Remise en cause de la culture occidentale et postmodernité
Du doute à la remise en cause
La culture occidentale est celle d’une société ouverte. Elle recherche dans d’autres cultures inspiration et dépassement : aux modèles romains ou renaissants s’ajoute, à la fin du xviiie siècle, la vogue du grec ancien, de l’étrusque et de l’égyptien. Le xixe siècle découvre avec enthousiasme le Moyen Âge, le roman, le byzantin ou le gothique, s’emballe pour les fastes et les couleurs de l’Orient, puis s’entiche des gravures japonaises. A la Belle Epoque, l’art nègre fourni le contrepoint qui manque aux formes jugées décadentes de la modernité. Dans le domaine littéraire, les emprunts et les inflexions qui naissent de ce jeu de contacts et d’oppositions sont plus discrets, mais souvent aussi profonds. L’inde ou la Perse marquent certains philosophes, en Allemagne en particulier.
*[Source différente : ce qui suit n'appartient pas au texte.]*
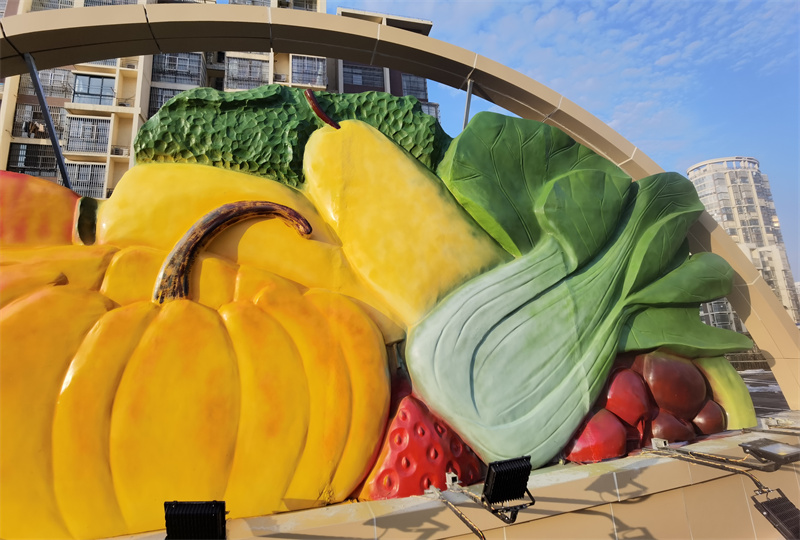 從石膏到青銅：雕塑制作的不同材料與工藝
Les remises en cause deviennent plus profondes au fur et à mesure que le xx° siècle avance. Les certitudes de la science s’affaiblissent lorsque les mathématiques non-euclidiennes reçoivent droit de cité et que la théorie de la relativité s’impose. La recherche scientifique avait déjà prouvé, au cours de la Première Guerre mondiale, son aptitude à multiplier la puissance destructrice de l’homme, mais la foi dans le progrès était restée très largement partagée.
L’Holocauste et la bombe atomique secouent profondément les consciences durant la Seconde Guerre mondiale. La modernité a engendré des régimes monstrueux et a doté les gouvernements d’une puissance de destruction sans commune mesure avec celles du passé : comment imaginer, sans le secours d’une bureaucratie zélée, l’élimination programmée de tout un peuple ? L’énergie libérée par les explosions nucléaires n’est-elle pas suffisante pour remettre en cause les équilibres écologiques ?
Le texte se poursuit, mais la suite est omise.